Qu’est-ce que représente le football aux Comores ?Je dis que pour l’histoire des Comores, il y a deux dates importantes : l’indépendance (en 1975), et ce dimanche 15 novembre. Quand on voit que l’opposition du président (Azali Assoumani), alors qu’ils sont en bagarre, appelle la chaîne nationale pour le féliciter… C’est incroyable. Avant, quand on parlait des Comores, on parlait juste de Bob Denard. Maintenant quand on parle des Comores, c’est pour le football, c’est la joie. Les Comores sont médiatisées. Par exemple, je ne pensais jamais me faire interviewer, j’écrirai ça dans mes mémoires ! Ce week-end, on a vu que les médias français étaient à fond, ça m’a fait plaisir. En rentrant chez moi à une heure du matin, ma femme et moi avons pleuré. En France, il y a des concerts, des manifestations, des théâtres, il y a de la vie. Ici aux Comores, il n’y a rien ! Là, il va falloir attendre jusqu’à mars, pour voir l’équipe nationale. Quand tu arrives à l’aéroport, les gens commencent à te parler de ça. Le président de la République a reçu les joueurs et le staff, et il a dit au sélectionneur Amir Abdou « Viens prendre ma place et je prends la tienne, parce que toi, les gens t’acclament, moi ils me sifflent. »
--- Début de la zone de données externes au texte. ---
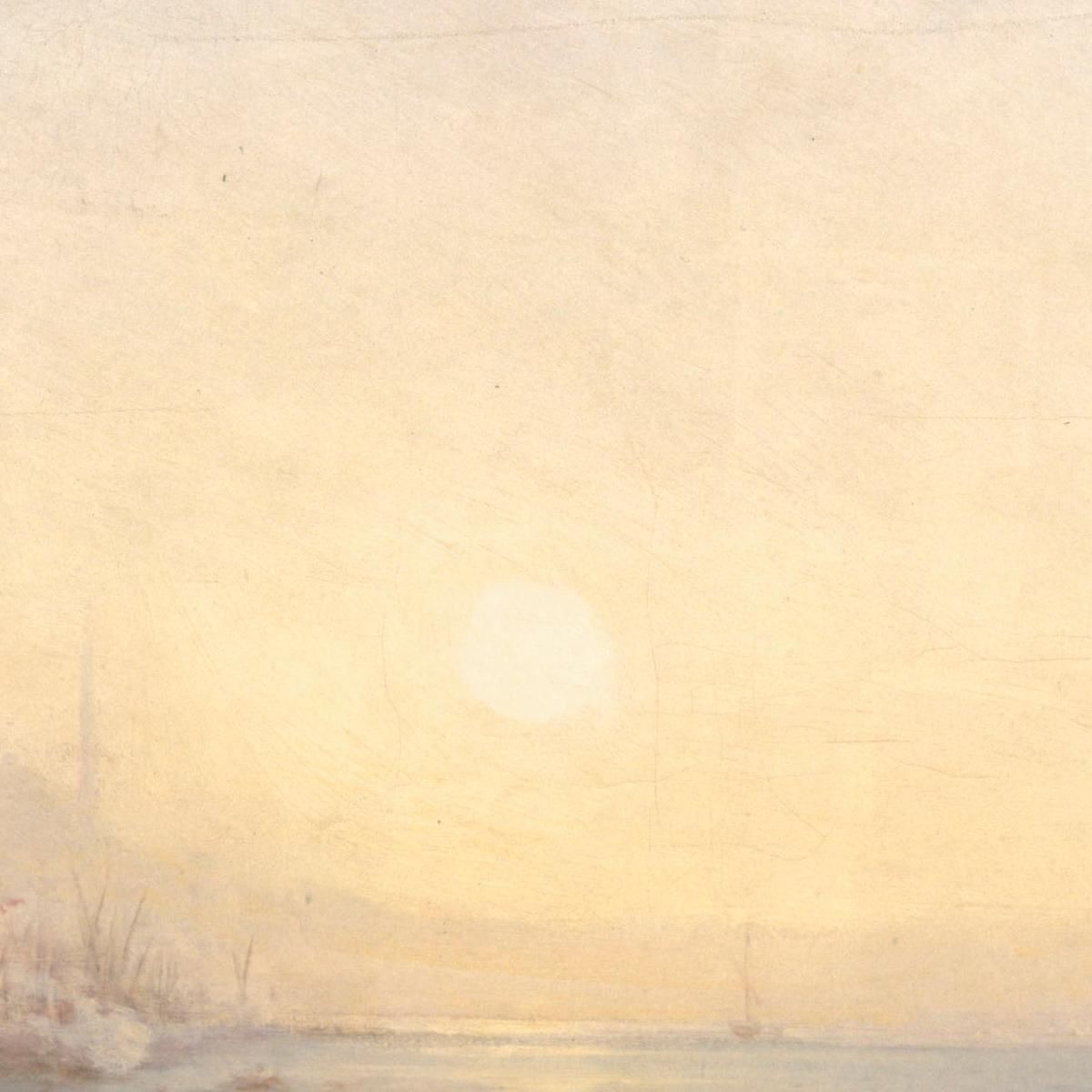 Constantinople Saint Sophia At Sunrise Félix Ziem fzm21 canvas print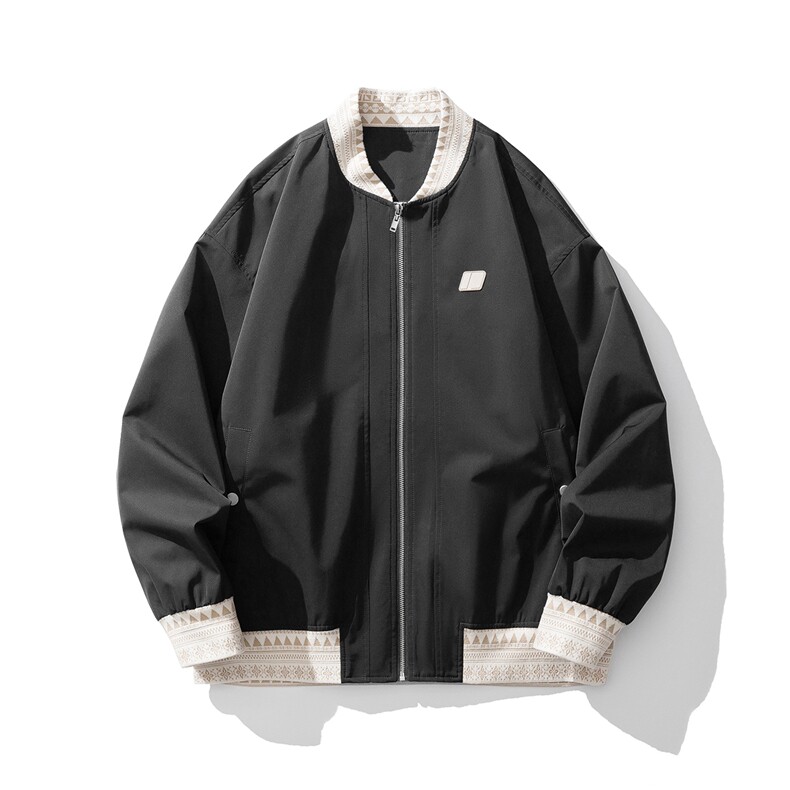 1定制螺纹字母刺绣大码M-5XL夹克男:100%聚酯纤维JK77944P85控138,男装夹克,星座226-2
Quelle est ta plus belle émotion avec l’équipe des Comores ?Avant dimanche dernier, il y avait le jour où le Ghana est venu jouer ici (le 13 novembre 2015). C’était la première fois que j’avais un micro et que j’interviewais un joueur international professionnel : c’était André Ayew. Avant le match, il pensait venir ici faire du tourisme, on a fait 0-0 et à la fin de la rencontre, il a refusé de parler. Il n’avait jamais pensé qu’il ferait un jour match nul aux Comores. À la suite de ça, il avait dit beaucoup de bien des Comores.